The nearest hamburger joint had a dated look involving lots of the color orange, Burgers ‘n’ Beers.

The tabletop juke-box music was loud, but there was an empty corner booth at the back.

“Two things we have to talk about,” Matt said, sliding into the vinyl-covered booth as his pants caught on some taped-over cuts in the upholstery. “The first and the last.”

Over greasy hamburgers and draft beer, Matt and Effinger’s son compared past and present grievances.

First.

“I hated your father for hitting my mother,” Matt said.
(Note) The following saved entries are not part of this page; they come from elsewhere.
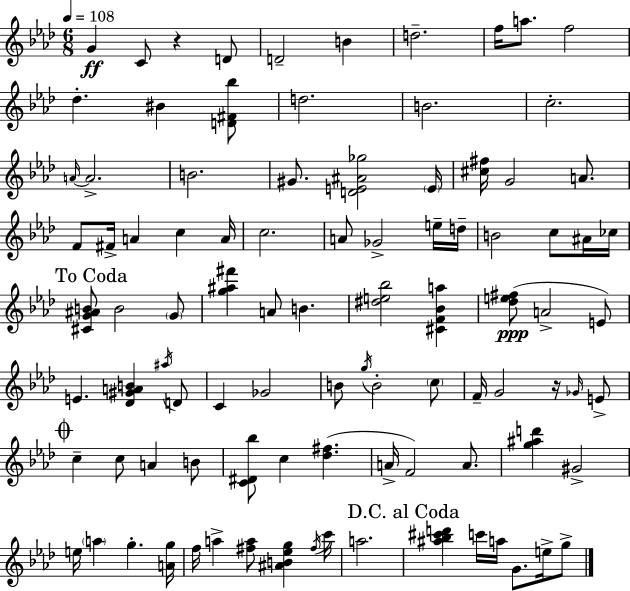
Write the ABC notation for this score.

X:1
T:Untitled
M:6/8
L:1/4
K:Fm
G C/2 z D/2 D2 B d2 f/4 a/2 f2 _d ^B [D^F_b]/2 d2 B2 c2 A/4 A2 B2 ^G/2 [DE^A_g]2 E/4 [^c^f]/4 G2 A/2 F/2 ^F/4 A c A/4 c2 A/2 _G2 e/4 d/4 B2 c/2 ^A/4 _c/4 [^CG^AB]/2 B2 G/2 [g^a^f'] A/2 B [^de_b]2 [^CF_Ba] [_de^f]/2 A2 E/2 E [_D^GAB] ^a/4 D/2 C _G2 B/2 g/4 B2 c/2 F/4 G2 z/4 _G/4 E/2 c c/2 A B/2 [C^D_b]/2 c [_d^f] A/4 F2 A/2 [g^ad'] ^G2 e/4 a g [Ag]/4 f/4 a [^fa]/2 [^AB_eg] ^f/4 c'/4 a2 [^a_b^c'd'] c'/4 a/4 G/2 e/4 g/2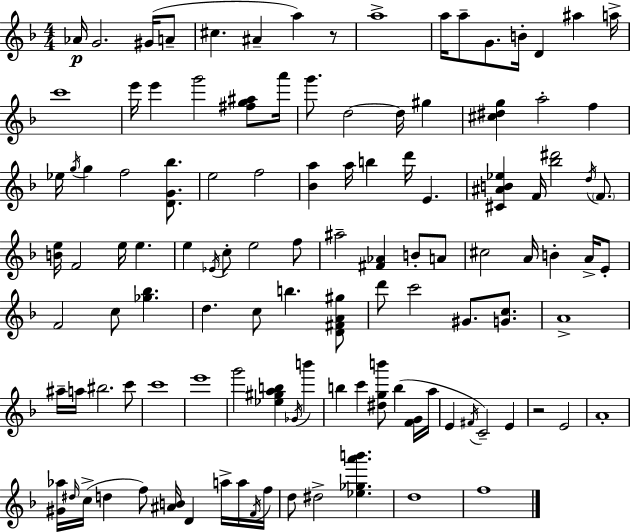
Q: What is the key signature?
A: D minor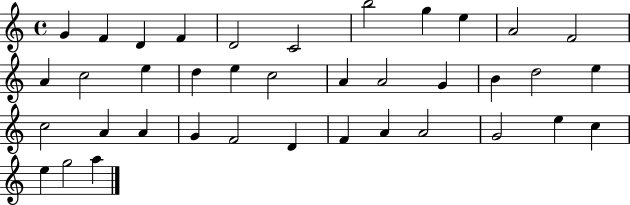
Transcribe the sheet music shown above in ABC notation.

X:1
T:Untitled
M:4/4
L:1/4
K:C
G F D F D2 C2 b2 g e A2 F2 A c2 e d e c2 A A2 G B d2 e c2 A A G F2 D F A A2 G2 e c e g2 a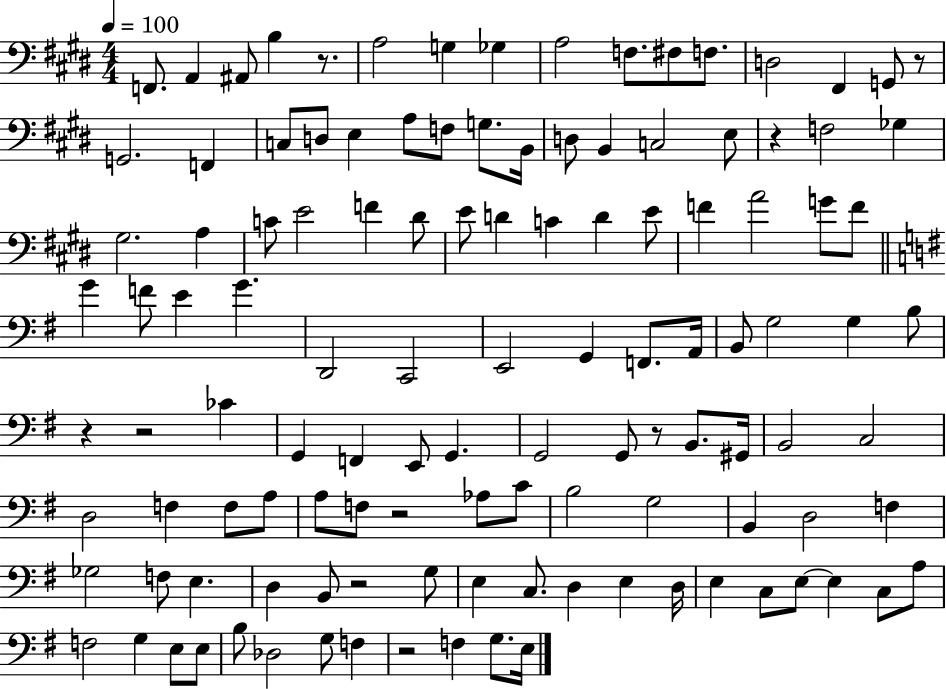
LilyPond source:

{
  \clef bass
  \numericTimeSignature
  \time 4/4
  \key e \major
  \tempo 4 = 100
  f,8. a,4 ais,8 b4 r8. | a2 g4 ges4 | a2 f8. fis8 f8. | d2 fis,4 g,8 r8 | \break g,2. f,4 | c8 d8 e4 a8 f8 g8. b,16 | d8 b,4 c2 e8 | r4 f2 ges4 | \break gis2. a4 | c'8 e'2 f'4 dis'8 | e'8 d'4 c'4 d'4 e'8 | f'4 a'2 g'8 f'8 | \break \bar "||" \break \key g \major g'4 f'8 e'4 g'4. | d,2 c,2 | e,2 g,4 f,8. a,16 | b,8 g2 g4 b8 | \break r4 r2 ces'4 | g,4 f,4 e,8 g,4. | g,2 g,8 r8 b,8. gis,16 | b,2 c2 | \break d2 f4 f8 a8 | a8 f8 r2 aes8 c'8 | b2 g2 | b,4 d2 f4 | \break ges2 f8 e4. | d4 b,8 r2 g8 | e4 c8. d4 e4 d16 | e4 c8 e8~~ e4 c8 a8 | \break f2 g4 e8 e8 | b8 des2 g8 f4 | r2 f4 g8. e16 | \bar "|."
}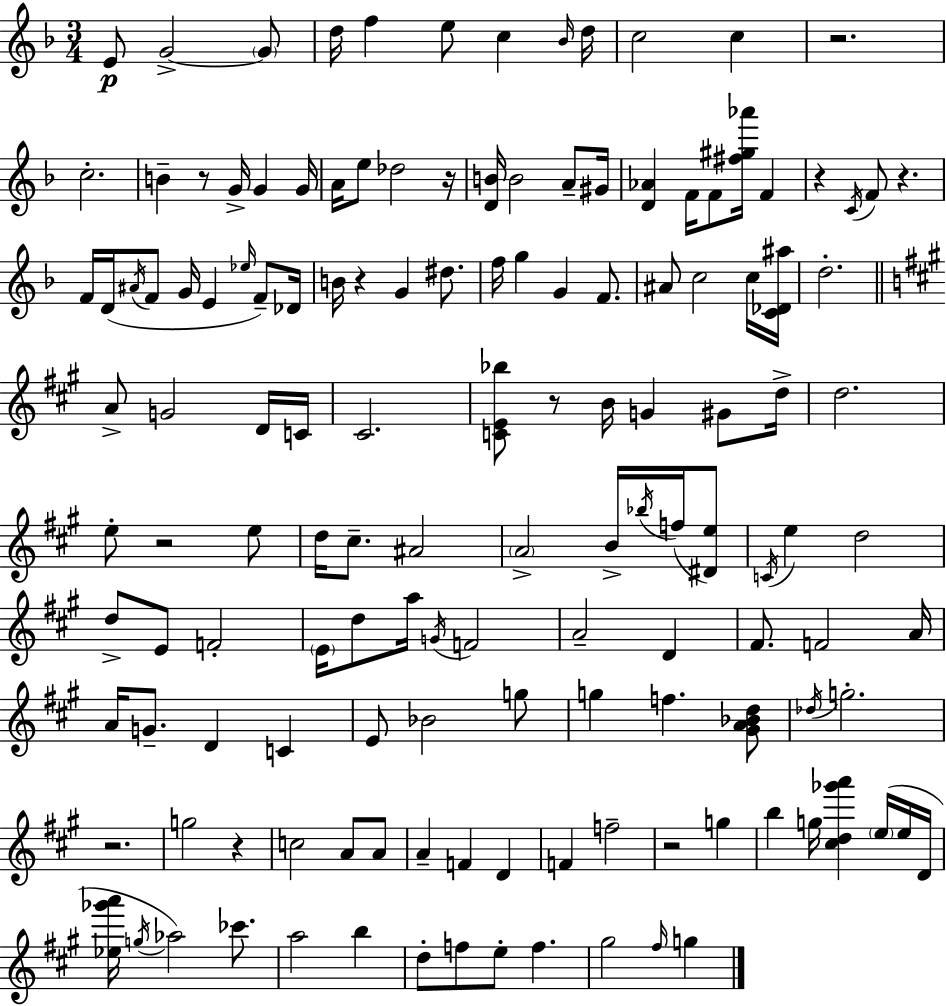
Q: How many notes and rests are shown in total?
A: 140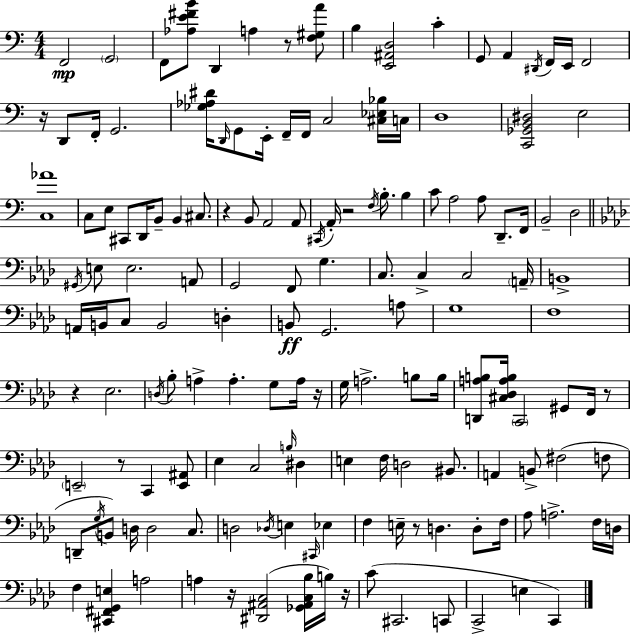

“And hitting you too, I bet. He knocked me around some before he left for so long. But he was my dad. And I don’t think he wanted to be in Chicago. He had to go, like someone here was after him, or he was sent away by the mob for knowing too much. Where was your dad?”

“He disappeared, never knew about me.”

Chuck nodded, lighting a cigarette. “At least my dad used to send me stuff. Comic books and toys. Even when I was getting too old for them. He’d come back from Chicago more often later.”

“I wanted to kill your dad.”

“But you didn’t do that drowned-alive operation. That was planned, I think to send a message and shut my uncle up. Someone will pay for offing my dad like that. But it’s hard to find who. Lots of people wanted to kill my dad. It wasn’t just because they didn’t like him or he bounced them around some. That was kinda his job, to do things for the mob.”